A mí no me parece mal que Pedro Sánchez haya aparecido en el mitin de presidenciable con una gran bandera con la que tengo problemas de identificación emocional: es monárquica, aunque ya no sea facha. Aún así, es la bandera del país que me da el pasaporte (para poder escapar) y, por otra parte, los nacionalistas catalanes se gastan paños, percalinas, de la extensión de El Maresme, mientras el candidato del PSOE forma, con su esposa rubia, una candidatura al estilo de Al Gore, pero en más interesante: Sánchez es un moreno de verde luna y los anglos dan en lechosos y papuditos „un guapo de verdad, Paul Newman, era judío y Obama, mestizo„ aunque lo más inteligente acerca de banderas ha sido dicho por Joan Ribó: «Traed la que más os guste».

Si Cameron puede aparecer bajo una Union Jack y Hollande bajo la tricolor, no sé por qué la bandera española vigente va a ser mejor o peor. La historia de todas ellas es bastante azarosa y todas han amparado considerables tropelías, mayores cuantos más años de servicio.
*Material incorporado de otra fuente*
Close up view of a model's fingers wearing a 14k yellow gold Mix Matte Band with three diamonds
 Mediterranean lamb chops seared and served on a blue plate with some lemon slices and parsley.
Así pues, no hay que tener ni miedo ni vergüenza ante una bandera que representa, de facto, si no por tradición, valores democráticos, y eso incluye, por supuesto, a la ikurriña y a la bandera del Real Betis Balompié. De hecho, una de las muestras de inteligencia política en su grado más alto la ofreció Santiago Carrillo, el comunista de hace mil años, al aceptar la bandera monárquica. Y eso que había visto morir a miles de camaradas en guerra contra esa insignia, pero no peleaban por eso, sino por otras cosas mucho más importantes.

Un nacionalista es un señor que me da un ruido en vez de una razón: yo también me tiro pedos, pero eso no me parece algo de lo que sentirse orgulloso.